Input data:
>>>
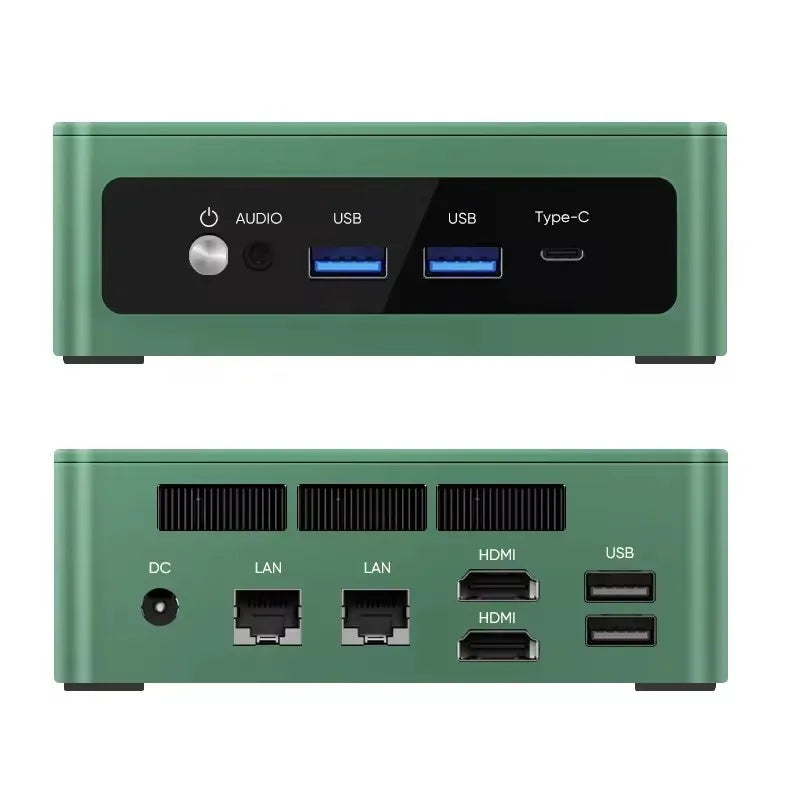 Aittact Pocket Mini PC Gamer TOPC AMD Ryzen 9 8945HS R7 8845HS 2xDDR5 USB4.0 NVMe 2 LAN Windows 11 Gaming Computer WiFi6E BT5.3
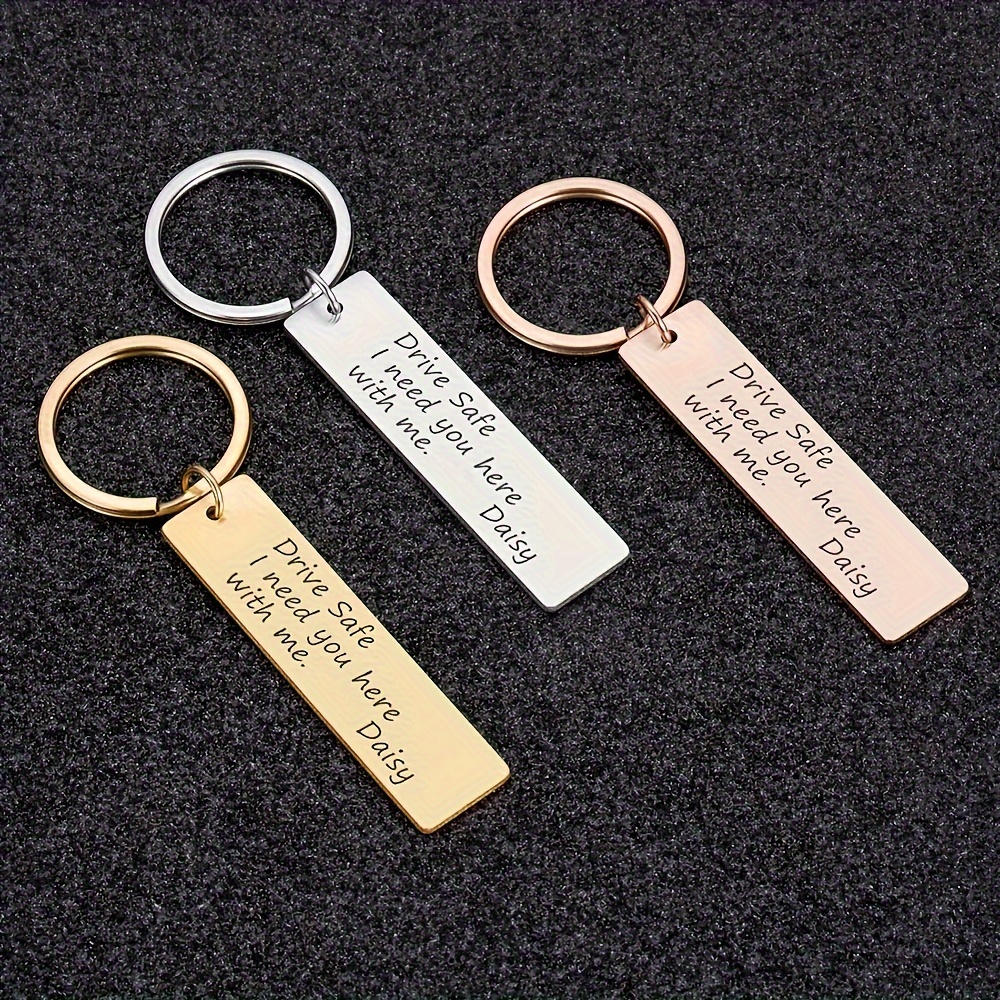 

Personalized Stainless Steel Keychains With Laser Engraving - Birthdays And Christmas Gifts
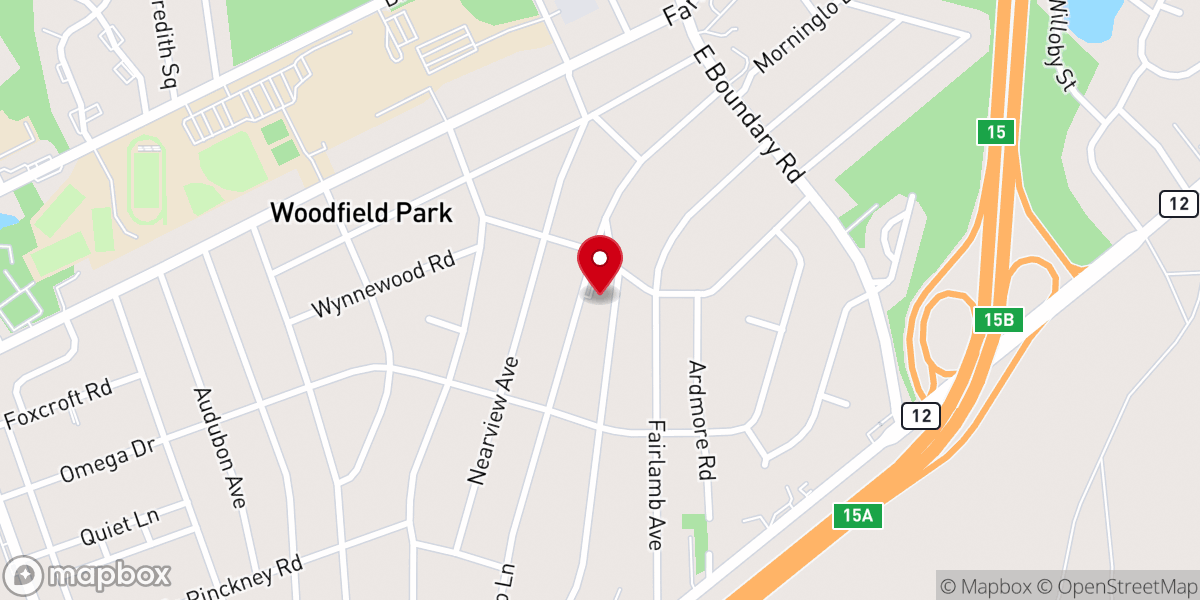 Map showing location of New Creation Baptist Church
<<<
What is being asked: Repeat only the lines from the one with "Personalized Stainless Steel" through the end of the data, both included and exactly as written. Pictures stay out of the copy.

Exercise answer:
Personalized Stainless Steel Keychains With Laser Engraving - Birthdays And Christmas Gifts
 Map showing location of New Creation Baptist Church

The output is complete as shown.